In its tit-for-tat move, China has on Mar 22 announced sanctions against 10 individuals and four entities on the EU side, saying they had severely harmed China’s sovereignty and interests and maliciously spread lies and disinformation.
Citing a Foreign Ministry spokesperson, China’s official Xinhua news agency Mar 22 named the individuals and entities to be sanctioned as Reinhard Butikofer, Michael Gahler, Raphael Glucksmann, Ilhan Kyuchyuk and Miriam Lexmann of the European Parliament, Sjoerd Wiemer Sjoerdsma of the Dutch Parliament, Samuel Cogolati of the Belgian Federal Parliament, Dovile Sakaliene of the Seimas of the Republic of Lithuania, German scholar Adrian Zenz, Swedish scholar Bjorn Jerden, Political and Security Committee of the Council of the European Union, Subcommittee on Human Rights of the European Parliament, the Mercator Institute for China Studies in Germany, and the Alliance of Democracies Foundation in Denmark.
The report said the individuals concerned and their families were prohibited from entering the mainland, Hong Kong and Macao of China. Besides, they and companies and institutions associated with them are also restricted from doing business with China.

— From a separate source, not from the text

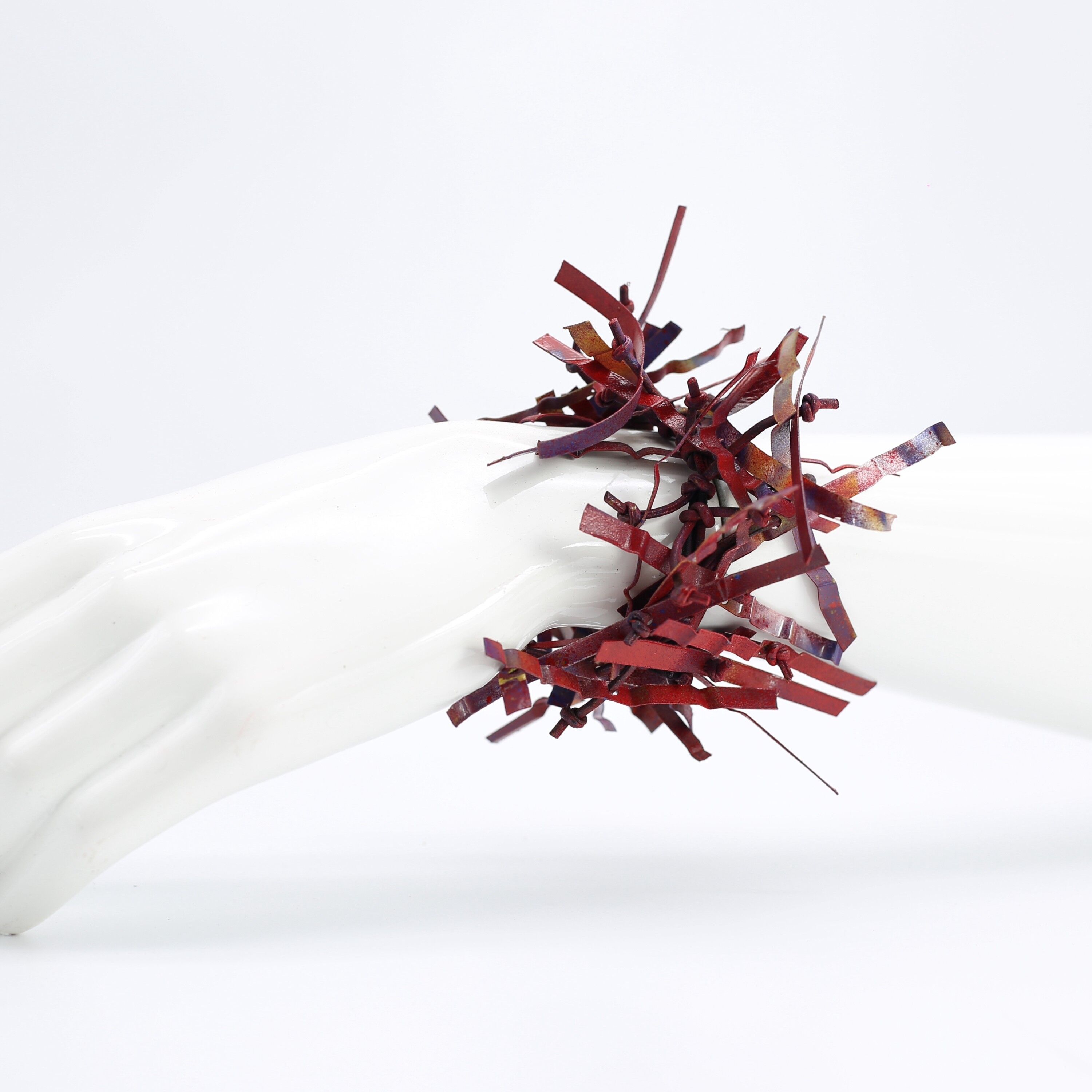 Pulseras Aqua Willow Tree - Pintadas a mano - Especias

France’s foreign ministry on Mar 22 denounced the sanctions and decided to summon Chinese ambassador Lu Shaye over it as well as for his “unacceptable comments”, including “insults and threats toward lawmakers and a French researcher.”
Lu had called Antoine Bondaz, a China specialist at the Foundation for Strategic Research (FRS) think-tank, a “small-time hoodlum,” a “crazed hyena” and “ideological troll” with “anti-Chinese” stances after he complained about Chinese pressure on French lawmakers hoping to visit Taiwan.
The AFP quoted the foreign ministry as saying it would remind Lu of “the elementary rules as set out by the Vienna Convention on diplomatic relations… the embassy is requested to conform strictly with them.”